### Task
Your job is to set down the stretch of entries that opens with the line containing "plot of 7700 CH4 and RSSI" and closes with the line containing "Figuur 3 Overzicht". Keep both end lines, copy each exactly, and add nothing.
(Records to use Opens)
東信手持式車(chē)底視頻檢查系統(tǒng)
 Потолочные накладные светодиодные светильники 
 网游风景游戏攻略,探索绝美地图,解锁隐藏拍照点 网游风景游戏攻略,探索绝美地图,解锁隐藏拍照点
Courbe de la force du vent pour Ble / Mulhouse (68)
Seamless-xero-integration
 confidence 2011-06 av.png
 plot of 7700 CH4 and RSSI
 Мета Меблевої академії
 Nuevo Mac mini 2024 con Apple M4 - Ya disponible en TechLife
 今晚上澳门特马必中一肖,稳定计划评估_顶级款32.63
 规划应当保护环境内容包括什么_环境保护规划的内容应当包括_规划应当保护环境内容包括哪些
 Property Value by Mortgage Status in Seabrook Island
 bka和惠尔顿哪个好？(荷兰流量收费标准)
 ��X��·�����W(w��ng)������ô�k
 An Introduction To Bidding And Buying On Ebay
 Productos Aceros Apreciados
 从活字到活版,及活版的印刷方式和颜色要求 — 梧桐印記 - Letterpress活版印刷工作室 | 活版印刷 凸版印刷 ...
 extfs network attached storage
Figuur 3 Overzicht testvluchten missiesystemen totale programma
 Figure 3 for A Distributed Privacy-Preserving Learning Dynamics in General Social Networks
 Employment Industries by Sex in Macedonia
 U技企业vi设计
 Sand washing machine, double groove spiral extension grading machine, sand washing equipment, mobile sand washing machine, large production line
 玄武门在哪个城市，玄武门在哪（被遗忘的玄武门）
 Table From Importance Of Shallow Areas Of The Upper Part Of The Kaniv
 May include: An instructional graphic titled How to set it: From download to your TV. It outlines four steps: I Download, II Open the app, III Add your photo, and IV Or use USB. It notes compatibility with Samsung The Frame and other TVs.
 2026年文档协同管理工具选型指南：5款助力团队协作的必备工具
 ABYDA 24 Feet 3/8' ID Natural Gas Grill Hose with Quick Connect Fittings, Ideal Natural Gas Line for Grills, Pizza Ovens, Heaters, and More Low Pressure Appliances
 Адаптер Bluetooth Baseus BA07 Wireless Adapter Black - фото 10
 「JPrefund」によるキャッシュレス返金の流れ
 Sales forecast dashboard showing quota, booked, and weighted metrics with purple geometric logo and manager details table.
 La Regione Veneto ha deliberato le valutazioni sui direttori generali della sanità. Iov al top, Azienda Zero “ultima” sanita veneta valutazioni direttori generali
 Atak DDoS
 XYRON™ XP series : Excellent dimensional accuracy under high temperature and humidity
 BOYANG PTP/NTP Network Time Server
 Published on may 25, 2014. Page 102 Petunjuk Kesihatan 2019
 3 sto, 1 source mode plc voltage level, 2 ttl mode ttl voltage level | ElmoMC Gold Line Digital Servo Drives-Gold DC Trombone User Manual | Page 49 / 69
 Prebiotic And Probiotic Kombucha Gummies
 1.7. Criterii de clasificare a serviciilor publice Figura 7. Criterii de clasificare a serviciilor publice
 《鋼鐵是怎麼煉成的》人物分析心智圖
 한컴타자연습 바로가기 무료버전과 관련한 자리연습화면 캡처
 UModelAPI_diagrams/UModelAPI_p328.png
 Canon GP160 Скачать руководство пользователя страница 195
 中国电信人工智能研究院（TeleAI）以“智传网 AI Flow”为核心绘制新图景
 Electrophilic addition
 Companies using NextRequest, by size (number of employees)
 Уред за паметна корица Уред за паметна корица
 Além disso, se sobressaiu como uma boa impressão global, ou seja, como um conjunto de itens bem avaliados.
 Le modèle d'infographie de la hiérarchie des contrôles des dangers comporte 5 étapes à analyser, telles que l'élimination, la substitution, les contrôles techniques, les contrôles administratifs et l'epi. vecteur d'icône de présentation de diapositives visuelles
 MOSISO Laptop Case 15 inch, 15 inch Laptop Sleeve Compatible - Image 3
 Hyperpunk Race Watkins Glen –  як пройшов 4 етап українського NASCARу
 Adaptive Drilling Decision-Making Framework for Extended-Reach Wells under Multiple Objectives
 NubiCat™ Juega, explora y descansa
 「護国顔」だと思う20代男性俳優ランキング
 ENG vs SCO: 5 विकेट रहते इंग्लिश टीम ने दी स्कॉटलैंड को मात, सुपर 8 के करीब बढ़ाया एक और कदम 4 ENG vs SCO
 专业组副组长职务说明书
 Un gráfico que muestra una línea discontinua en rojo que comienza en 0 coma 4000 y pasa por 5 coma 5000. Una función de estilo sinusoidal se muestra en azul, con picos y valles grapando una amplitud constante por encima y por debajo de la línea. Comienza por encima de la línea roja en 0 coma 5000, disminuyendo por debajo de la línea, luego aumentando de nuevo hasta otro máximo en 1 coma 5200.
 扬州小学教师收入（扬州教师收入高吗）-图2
(Records to use Closes)
### Written response
 plot of 7700 CH4 and RSSI
 Мета Меблевої академії
 Nuevo Mac mini 2024 con Apple M4 - Ya disponible en TechLife
 今晚上澳门特马必中一肖,稳定计划评估_顶级款32.63
 规划应当保护环境内容包括什么_环境保护规划的内容应当包括_规划应当保护环境内容包括哪些
 Property Value by Mortgage Status in Seabrook Island
 bka和惠尔顿哪个好？(荷兰流量收费标准)
 ��X��·�����W(w��ng)������ô�k
 An Introduction To Bidding And Buying On Ebay
 Productos Aceros Apreciados
 从活字到活版,及活版的印刷方式和颜色要求 — 梧桐印記 - Letterpress活版印刷工作室 | 活版印刷 凸版印刷 ...
 extfs network attached storage
Figuur 3 Overzicht testvluchten missiesystemen totale programma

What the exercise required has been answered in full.